Task details:
Set down all of the data that follows word for word, without the images.

Records from a data source:
◇ ◇ ◇
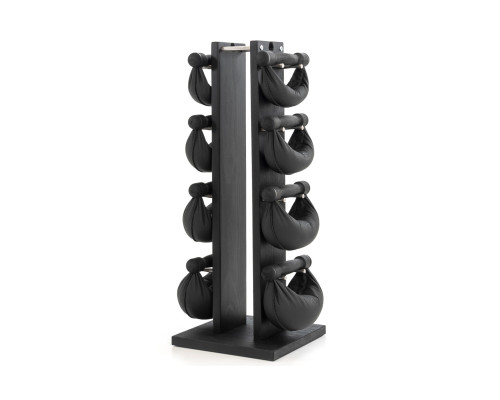 Стійка з гантелями NOHRD SwingBell Tower Set Shadow Leather 2-8 кг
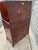 Early 20th century Federal Style Flame Mahogany Banded Tall Chest Of Drawers. Dovetail joint construction Drawers move...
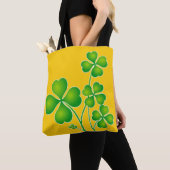 St. Patrick's Day Clover / Shamrocks + je ideeën Tote Bag (Dichtbij)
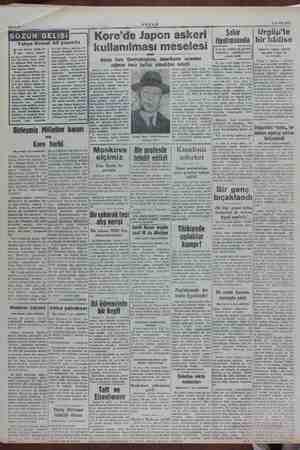    3 Aralık 1952 , i Şehir ürgüp'te Kore'de Japon askeri tiyatrosunda |bir hâdise kullanılması meselesi ii Kore Güriüileineni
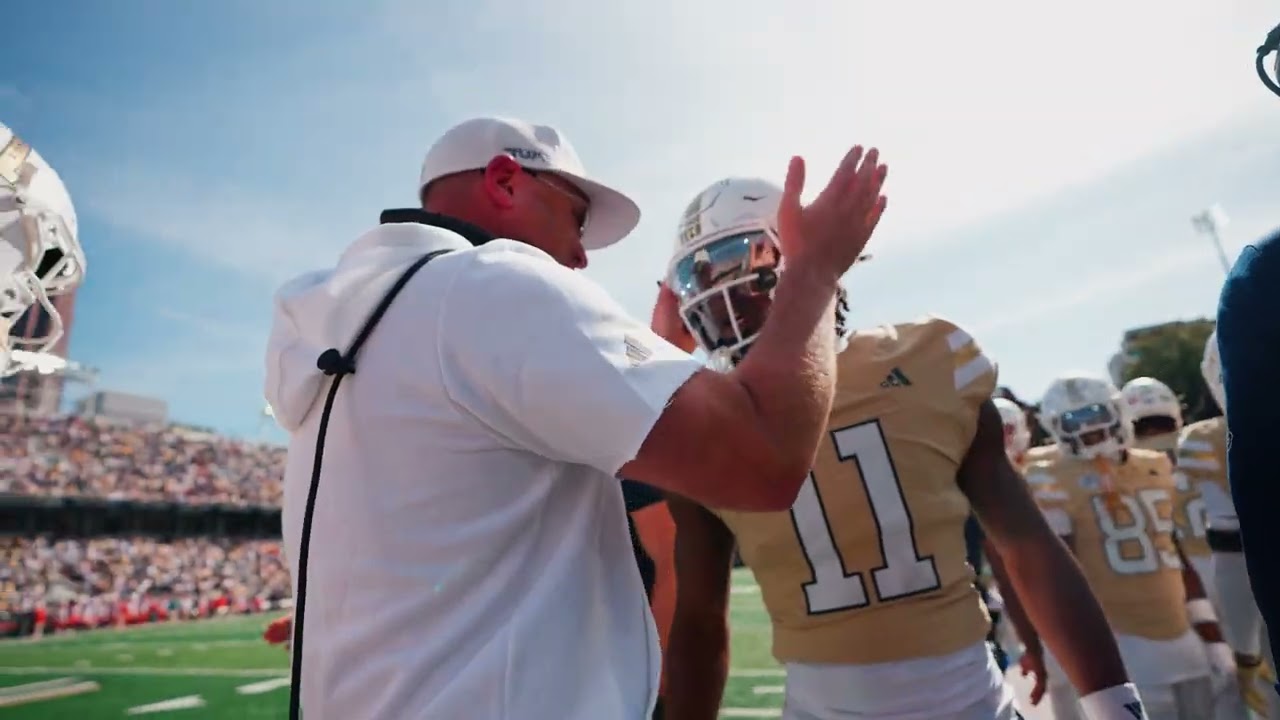 A Homecoming written in gold ✨ Georgia Tech Football Game 8 Recap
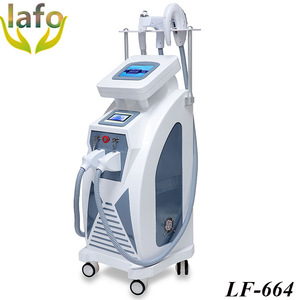 4 in 1 SHR IPL hair removal/ ipl laser hair removal machine/ shr ipl rf nd yag laser multifunction beauty salon equipment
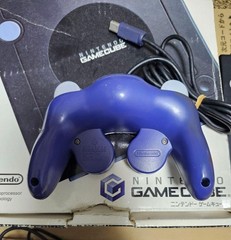 GameCube Console with Box + Super Smash Bros. Game, Used, Working Unknown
◇ ◇ ◇
Your response:
 Стійка з гантелями NOHRD SwingBell Tower Set Shadow Leather 2-8 кг
 Early 20th century Federal Style Flame Mahogany Banded Tall Chest Of Drawers. Dovetail joint construction Drawers move...
 St. Patrick's Day Clover / Shamrocks + je ideeën Tote Bag (Dichtbij)
    3 Aralık 1952 , i Şehir ürgüp'te Kore'de Japon askeri tiyatrosunda |bir hâdise kullanılması meselesi ii Kore Güriüileineni
 A Homecoming written in gold ✨ Georgia Tech Football Game 8 Recap
 4 in 1 SHR IPL hair removal/ ipl laser hair removal machine/ shr ipl rf nd yag laser multifunction beauty salon equipment
 GameCube Console with Box + Super Smash Bros. Game, Used, Working Unknown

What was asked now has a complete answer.